The year was 1929 and a band of monks left the motherhouse in Belgium to bring their tenet of work and prayer to China. They landed in the northern part of the country and established a modest school to train a handful of young men for the priesthood. Famine eventually drove them south. A new home in Chengdu, where they hoped to build an East-West cultural center, lasted only two years before Communists expelled them.

But the Benedictines, Father Vincent says, pride themselves on resilience. He recalls the history of Monte Cassino, the Italian hilltop fortress that Benedict chose as his home 14 centuries ago. It was destroyed by the Lombards and the Saracens and then by the U.S. Army in World War II, only to be rebuilt each time. The abbey's motto is "Struck down, it will live again."

So, displaced from China, the monks determined to find a new life. They chose an unlikely spot.

"California," Father Vincent says. "California looks toward China. And there were no Benedictine monasteries."

The motherhouse approved, sending $50,000 for a new abbey. Father Vincent traveled alone to Los Angeles and looked at dozens of parcels before buying a 720-acre turkey ranch nestled between two ridges in the foothills of the San Gabriel Mountains.

His fellow monks arrived from all over the world, one by one.

"The very first time I came here, it was June and it was noontime," recalls Father Werner de Morchoven. "Very hot. Everything looked gray. I said, 'Vincent, this is the place you want us to be?' "

The rhythm of monastic life beats steadily over the desert's irregular breath.

Five minutes before noon Mass, newcomer Jose Julian Taborda rings a bell in the courtyard. As what is called an observant, he rings notice before each of the daily prayers and meals. Taborda wears earplugs.

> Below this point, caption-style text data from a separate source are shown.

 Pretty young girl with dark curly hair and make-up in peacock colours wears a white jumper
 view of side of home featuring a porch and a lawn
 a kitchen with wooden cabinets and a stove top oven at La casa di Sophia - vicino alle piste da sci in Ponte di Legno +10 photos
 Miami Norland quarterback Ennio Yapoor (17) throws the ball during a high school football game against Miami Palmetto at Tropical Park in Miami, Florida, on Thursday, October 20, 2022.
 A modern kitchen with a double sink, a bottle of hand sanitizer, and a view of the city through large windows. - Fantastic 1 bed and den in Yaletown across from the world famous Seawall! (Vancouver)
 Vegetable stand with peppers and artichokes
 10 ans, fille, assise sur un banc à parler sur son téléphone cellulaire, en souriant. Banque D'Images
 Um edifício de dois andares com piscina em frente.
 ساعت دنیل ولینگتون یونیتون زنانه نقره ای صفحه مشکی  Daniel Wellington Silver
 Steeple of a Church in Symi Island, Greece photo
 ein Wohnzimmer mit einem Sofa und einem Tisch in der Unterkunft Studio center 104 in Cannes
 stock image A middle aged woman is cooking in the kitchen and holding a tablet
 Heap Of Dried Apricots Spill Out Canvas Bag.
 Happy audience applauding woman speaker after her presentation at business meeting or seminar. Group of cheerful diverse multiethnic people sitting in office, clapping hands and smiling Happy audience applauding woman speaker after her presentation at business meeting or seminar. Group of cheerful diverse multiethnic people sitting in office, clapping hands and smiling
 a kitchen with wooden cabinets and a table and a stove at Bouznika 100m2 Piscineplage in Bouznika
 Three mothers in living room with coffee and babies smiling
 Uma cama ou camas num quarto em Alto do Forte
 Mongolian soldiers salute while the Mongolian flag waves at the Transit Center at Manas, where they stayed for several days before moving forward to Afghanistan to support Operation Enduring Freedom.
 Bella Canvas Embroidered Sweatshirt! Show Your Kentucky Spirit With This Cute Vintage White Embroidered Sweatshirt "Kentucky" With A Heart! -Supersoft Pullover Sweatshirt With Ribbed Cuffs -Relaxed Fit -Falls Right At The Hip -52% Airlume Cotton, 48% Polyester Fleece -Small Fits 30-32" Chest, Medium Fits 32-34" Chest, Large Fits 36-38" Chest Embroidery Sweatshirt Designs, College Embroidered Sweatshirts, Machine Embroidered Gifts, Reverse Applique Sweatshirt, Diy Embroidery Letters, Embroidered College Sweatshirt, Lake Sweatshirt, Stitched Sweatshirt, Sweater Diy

Inside the chapel, the aptly named abbot, Francis Benedict, sings in a clear voice that echoes from brick floors and an open-beamed ceiling. The monks chorus their response:

Why do you boast of your wickedness, you champion of evil, planning ruin all day long, you master of deceit.

A short bow follows each mention of the Father, Son and Holy Spirit. And within this orchestration, minutes of silence follow each psalm, intermezzos for reflection.